Tuesday 18 August 2015

Pacific Standard Time

(Back to Z.E.E.P.) Just some thoughts:

Two ziggurats in the top section.  The ziggurat temple format, with its ‘stepped’ profile, originated in the Middle East around 200–500 AD. Following a long wait, they suddenly became very trendy again in the Sixties!  Major exponent was Joe Tilson with a series of Ziggurat images during the course of the decade, e.g. Ziggurat 5, screenprint 1966:




Heart beating, watch ticking, cylinders firing.  In 1969 it was becoming possible to anticipate the reality of a blurring of lines between organic and mechanical/electronic functionalities. 

In the new world of funky science, will a leopard be able to change his spots? 

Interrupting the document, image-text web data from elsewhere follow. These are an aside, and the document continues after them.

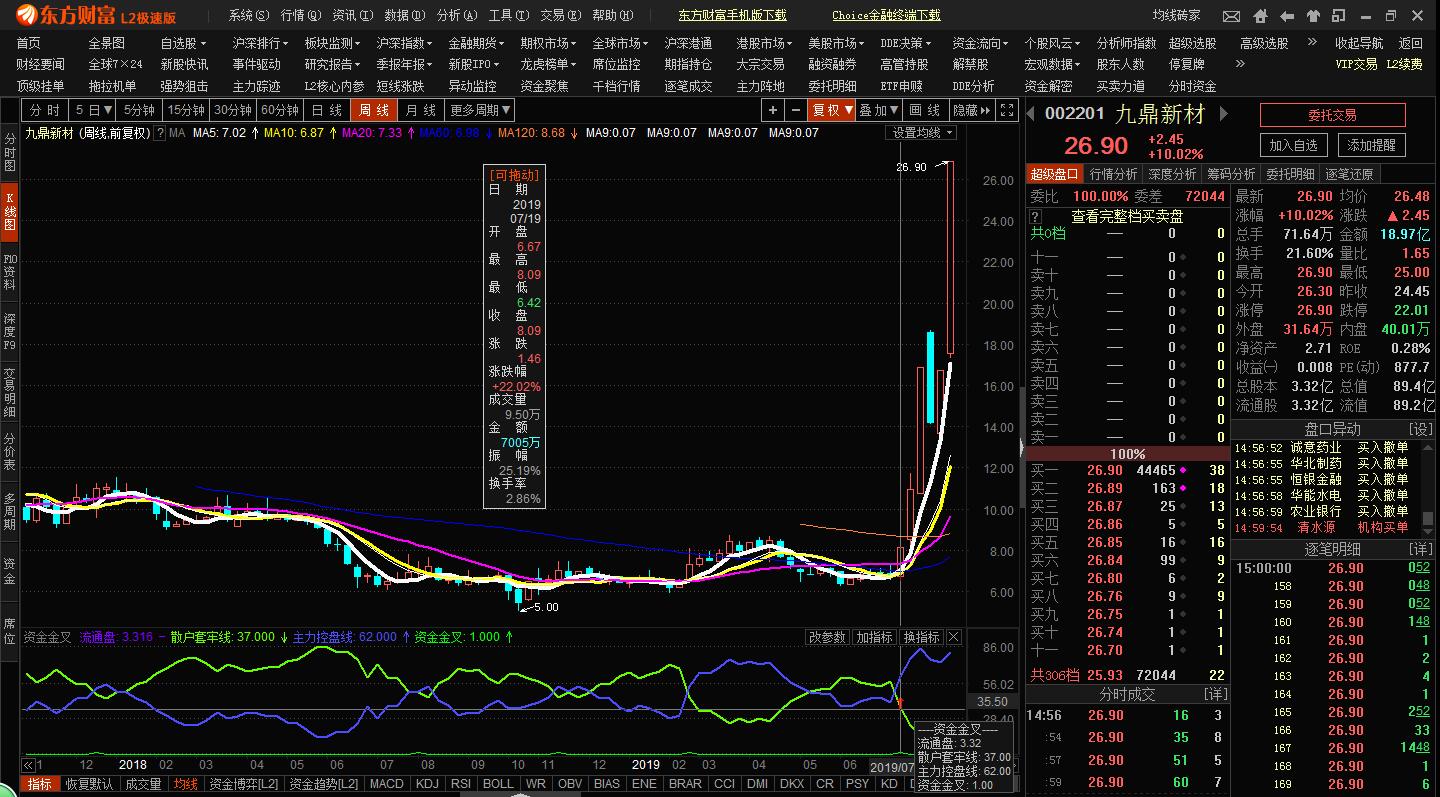 东方财富软件测试资金金叉周线条件选股成功率测试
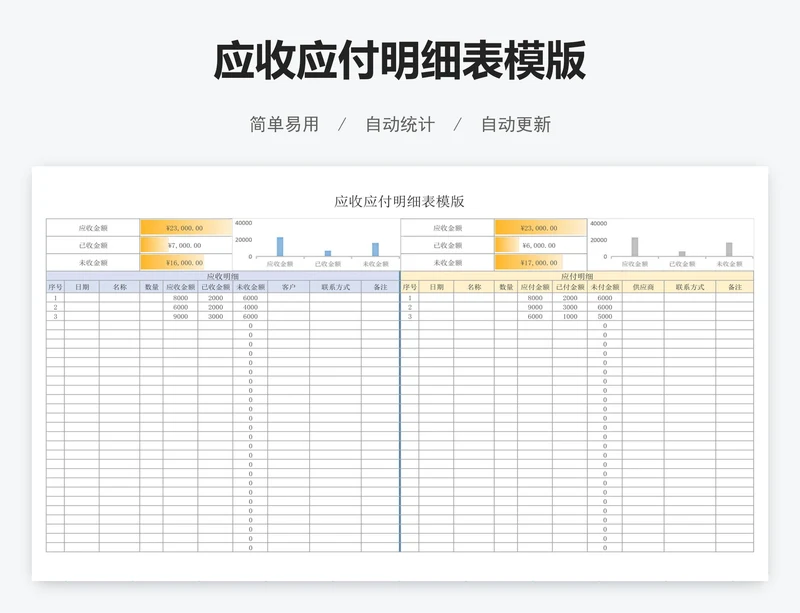应收应付明细表模版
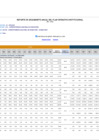 Vista preliminar de documento REPORTE SEGUIMIENTO POI 2022 SEGUNDO SEMESTRE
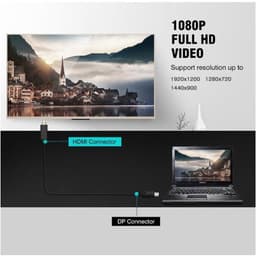 Cáp DP to DVI 1.8m Full HD – Kết nối mượt mà, độ phân giải cao 7
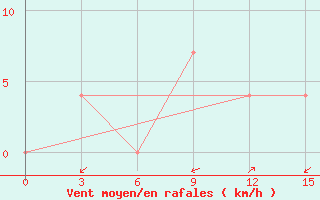 Courbe de la force du vent pour Ca Mau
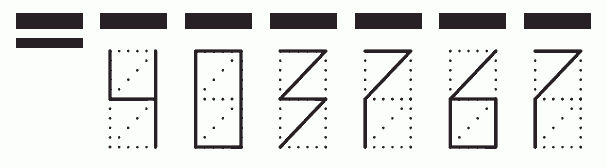 Пример заполнения индекса 403767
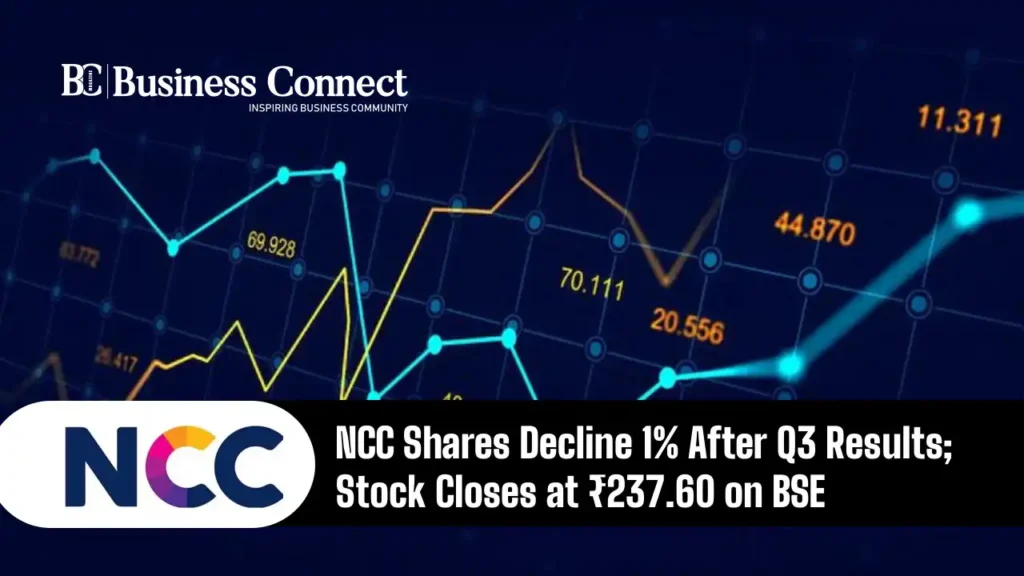 NCC Shares Drop After Q3 Results: Stock Ends Lower on BSE NCC Shares Drop After Q3 Results: Stock Ends Lower on BSE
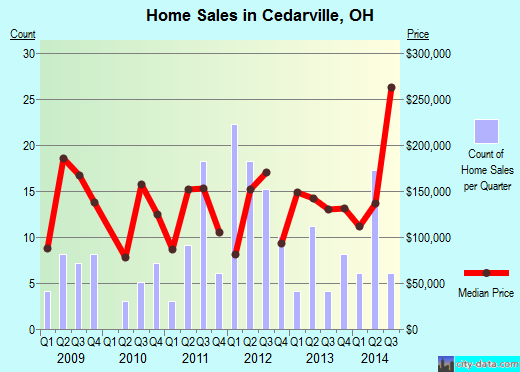 Cedarville,OH real estate house value index trend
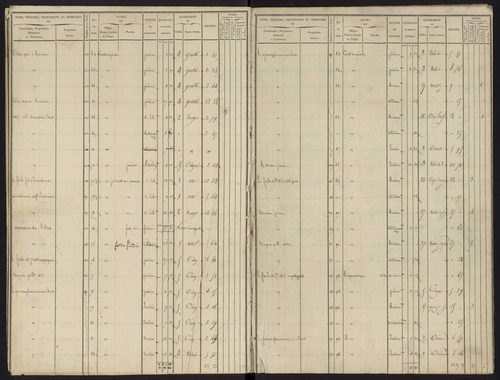 Volume 2 : sections B-C (1847, 1932), D-E (17 octobre 1847) (53).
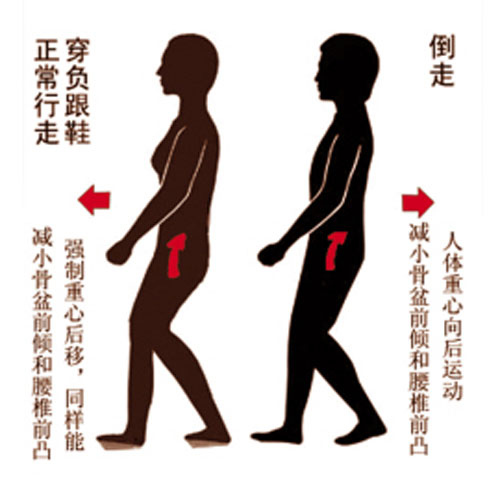 倒走.jpg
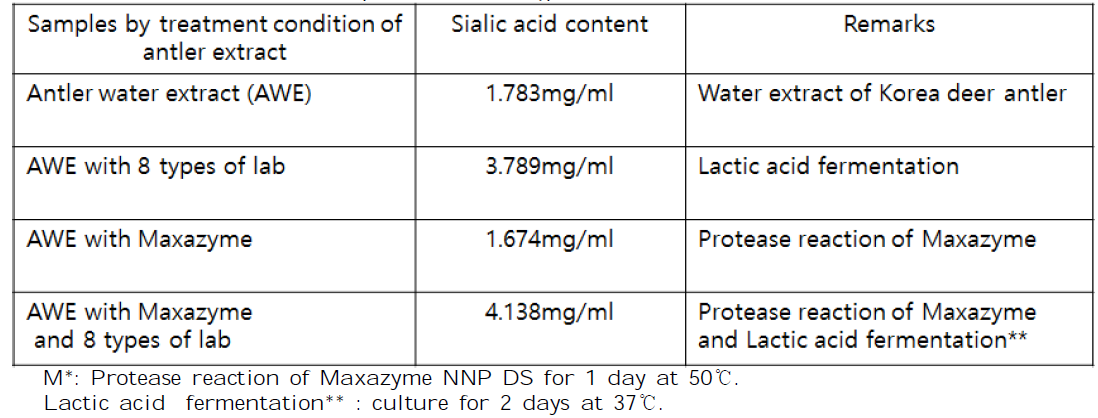 HPLC determination of sialic acid of antler extract and lactic acid fermentation products using water extract of antler as a substrate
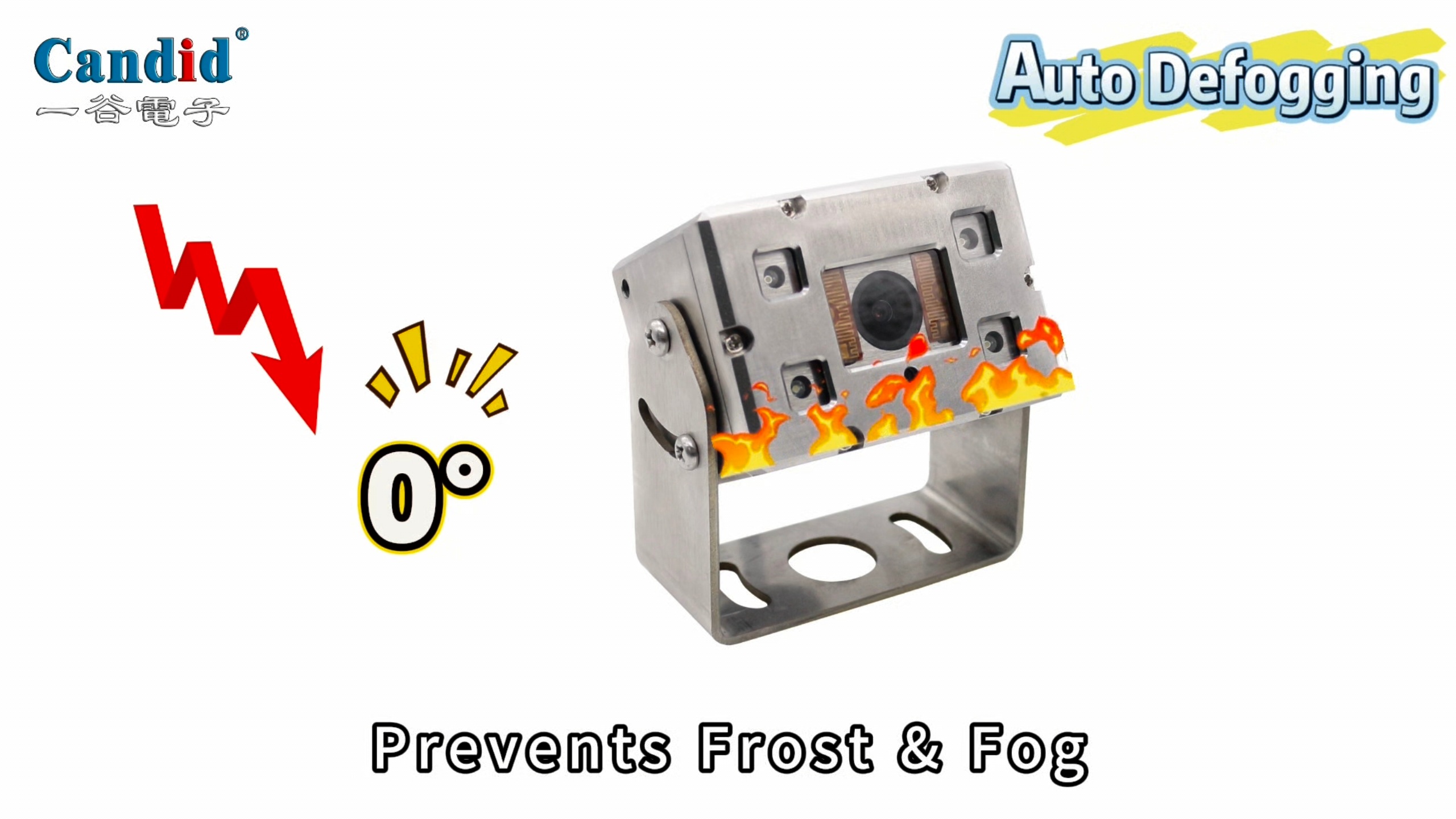 Cámara de monitoreo de puntos ciegos para vehículos de ingeniería de túneles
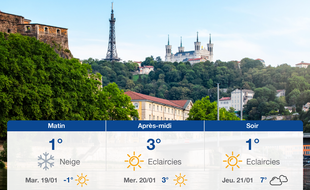 Météo Lyon: Prévisions du lundi 18 janvier 2021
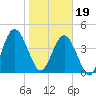 Amelia City tide chart for Friday, January 19, 2024
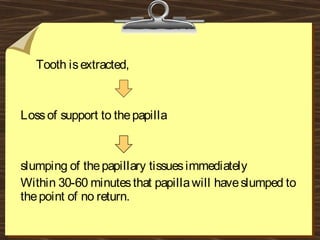 Tooth isextracted,
Lossof support to thepapilla
slumping of thepapillary tissuesimmediately
Within 30-60 minutesthat papillawill haveslumped to
thepoint of no return.
 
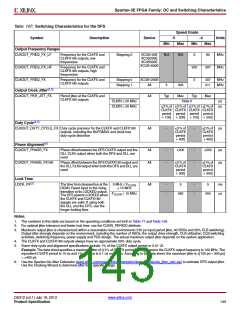 浏览型号XC3S500E-4PQG208IS1的Datasheet PDF文件第143页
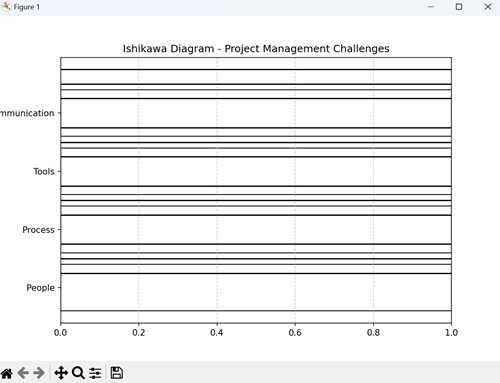 Project Management Challenges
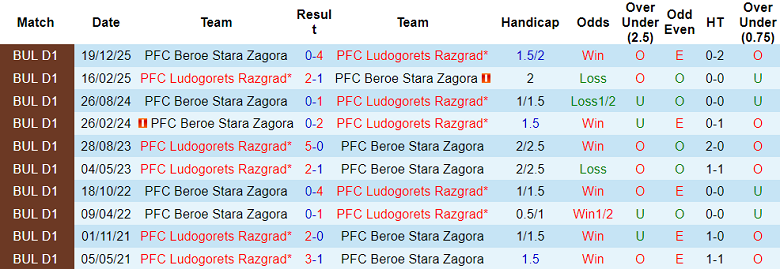 Nhận định soi kèo Ludogorets vs Beroe, 19h30 ngày 15/2: Khó thắng cách biệt - Ảnh 3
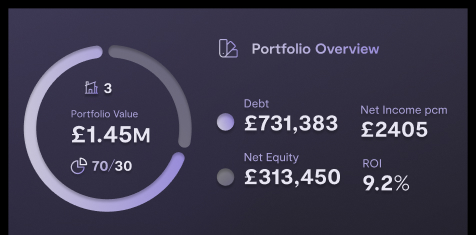 Portfolio overview dashboard showing 3 properties, portfolio value £1.45M, debt £731,383, net income £2405, net equity £313,450, ROI 9.2%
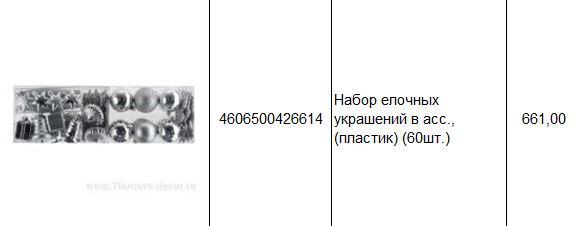 4606500426614 Набор елочных украшений в асс., (пластик) (60шт.) 661.JPG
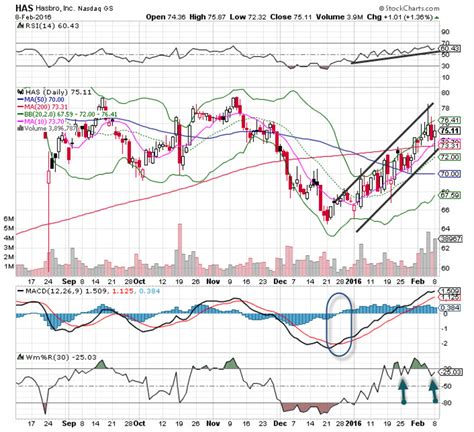 Hasbro (HAS) Stock is the 'Chart of the Day' - TheStreet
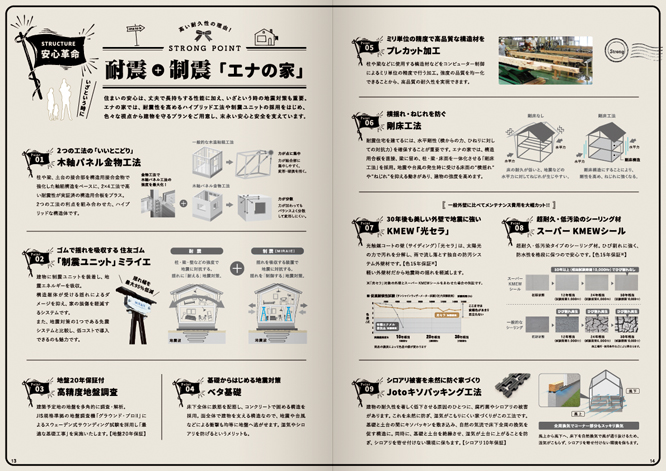 パンフレットのおしゃれなデザイン集 参考と作成のコツ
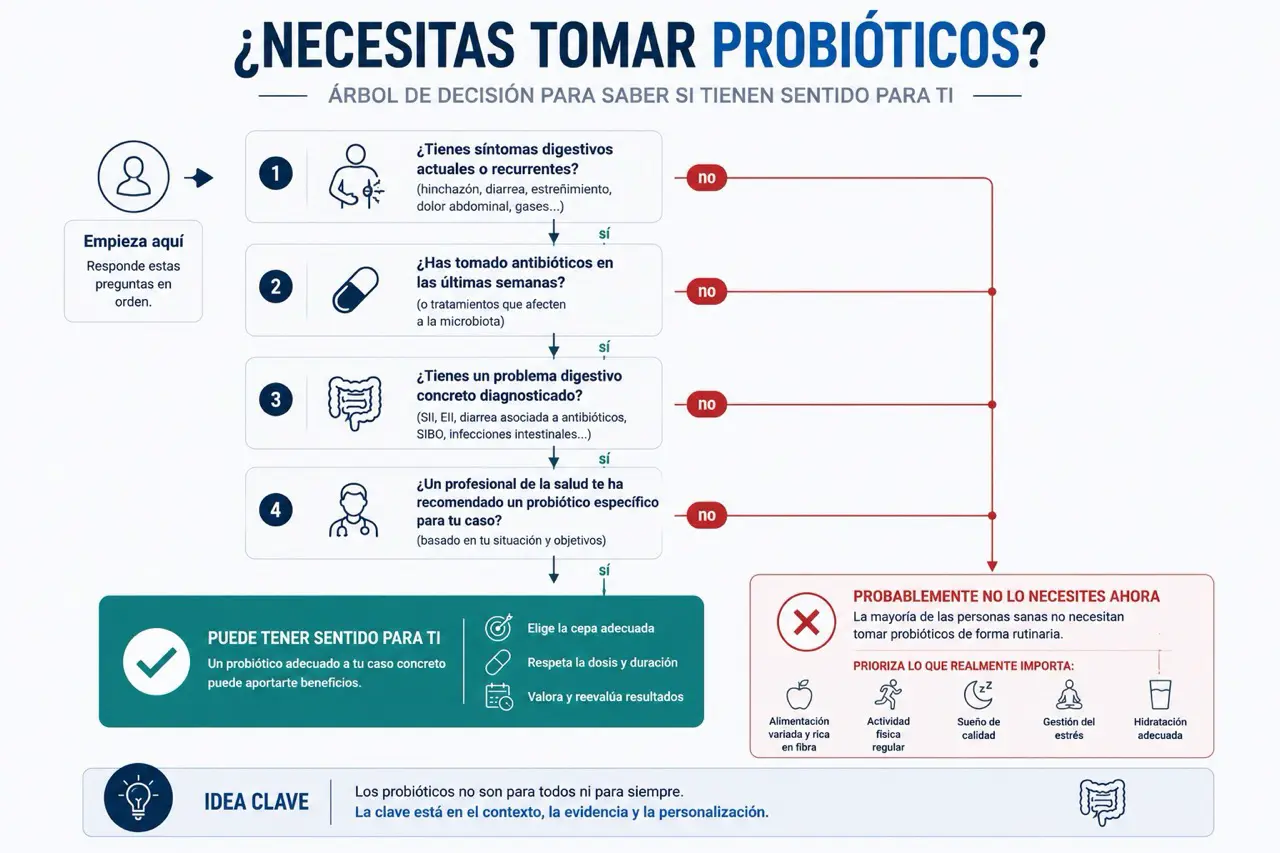 Arbol de decision sobre cuando puede tener sentido tomar probioticos segun sintomas, uso reciente de antibioticos, problema digestivo concreto y recomendacion profesional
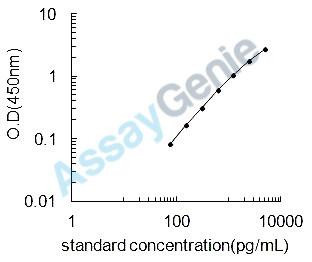 Bovine Claudin-3 (CLDN3) ELISA Kit (BOEB0519)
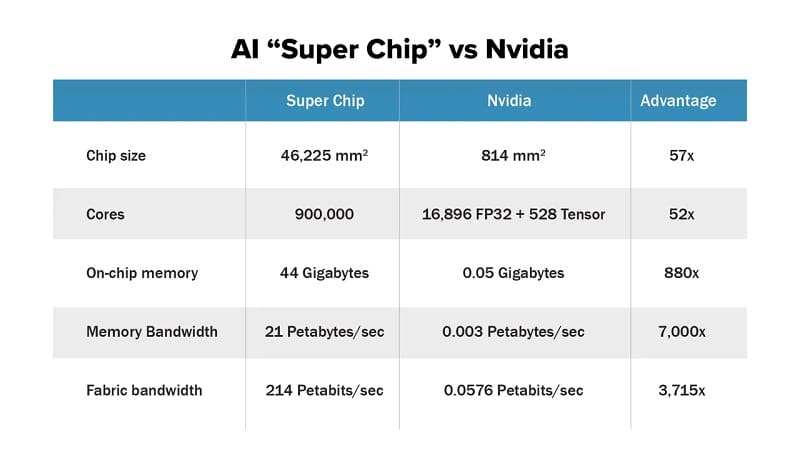 ai super chip vs nvidia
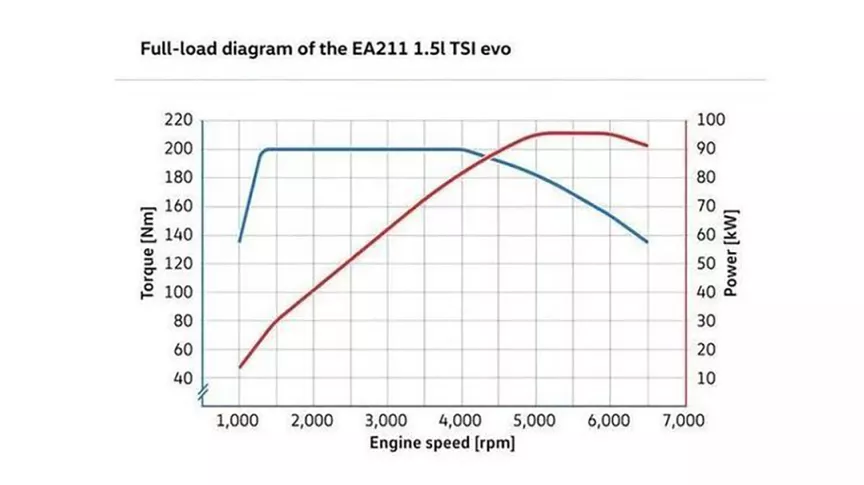 大眾全新EA211 EVO超強發動機 為何還不給我們！？-圖7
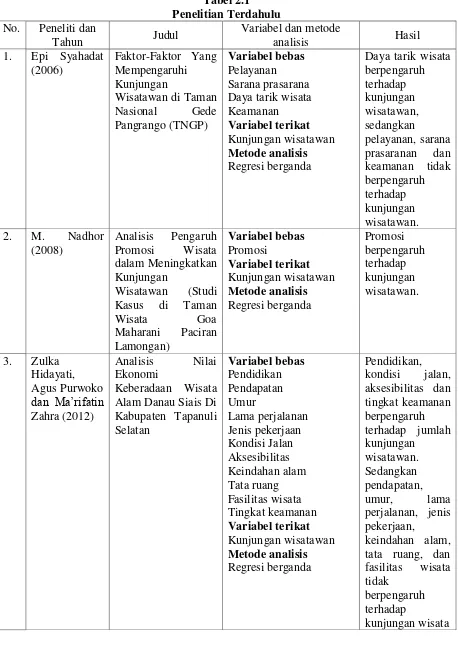 Tabel 2.1 Penelitian Terdahulu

Yes, Man is in space, but, happily, children still like to play very simply.

The delightfully garish version of Pacific Standard Time shown below is an Artist’s Proof:

One of these is currently (Summer 2015) available at Goldmark for £1,850.

Tuesday 11 August 2015

Home and Away


Here I am, the number one Paolozzi maniac in East Kent, and only by chance this morning did I discover the Home and Away exhibition at the Beaney in Canterbury.  I’m not sure how I missed being aware of this show – it’s been running since May 9th and features a fantastic array of the General Dynamic F.U.N. prints.  It’s especially good to see the prints at first hand again and their manner of display – they’re not formally framed and have the ‘look’ of something still being proofed.  From the ‘context’ exhibits I was also surprised by the fact that I’d forgotten about the original J G Ballard introduction to the Suite: 

The marriage of reason and fantasy which has dominated the 20th century has given birth to an even more ambiguous world.  Across the communications landscape move the spectres of sinister technologies and the dreams that money can buy. Thermo-nuclear weapons systems and soft-drink commercials coexist in an overlit realm ruled by advertising and pseudo-events, science and pornography. In ‘Moonstrips Empire News’ Eduardo Paolozzi brilliantly explored the darker side of this mysterious continent. By contrast, in ‘General Dynamic F.U.N.’ he brings together the happiest fruits of a benevolent technology. The leitmotif is the California girl sunbathing on her car roof. The mood is idyllic, at times even domestic. Tactile values are emphasised, the surface pleasures to be found in confectionary, beauty parlours and haute couture fabrics. Children play in a garden pool, a circus elephant crushes a baby Fiat. Varieties of coleslaw are offered to our palates, far more exciting than the bared flesh of the muscle men and striptease queens. Mickey Mouse, elder statesman of Paolozzi’s imagination, presides over this taming of the machine. The only factories shown here are manufacturing dolls. Customised motorcycles and automobile radiator grills show an amiable technology on its vacation day. Despite this pleasant carnival air, a tour de force of charm and good humour, Paolozzi’s role in providing our most important visual abstracting service should not be overlooked. Here the familiar materials of our everyday lives, the jostling iconographies of mass advertising and consumer goods, are manipulated to reveal their true identities. For those who can read its pages, ‘General Dynamic F.U.N.’ is a unique guidebook to the electric garden of our mind. 

I think that’s brilliantly concise and illuminating. 

If you’re in the South East, and – as I was up to today – unaware that such an image-feast is on offer, get a move on – the show closes on 23rd August.  http://www.canterbury.co.uk/Beaney/whats_on/Home-And-Away.aspx

Sunday 2 August 2015

Busy and Brash

The next print is Agile Coin Gross Decision Logic. 

This image has a clear antecedent in an earlier series.  From 'Universal Electronic Vacuum', War Games Revised, is conceptually similar, as is the format and some of the componentry.  However, where War Games . . . is cool and sombre, Agile Coin . . . is busy and brash. 

All this weaponry repeatedly and banally depicted as goodies in a sales catalogue, yet capable of immense destruction and misery.  The simple, crude repetition of deadly imagery was a frequently visited theme in the Sixties.  Warhol in particular was fascinated by the idea that seeing something over and over again is desensitizing, eventually allowing horrific images to be viewed with indifference.  His Death and Disaster series from early in the decade thoroughly explored this concept. 

AGILE-COIN was a computer war game developed in the late Sixties.  It was an attempt to integrate a variety of types of conflict (rather than just a conventional battlefield scenario) to inform the development of new tactics relevant to the asymmetrical sort of warfare encountered by US forces in Vietnam.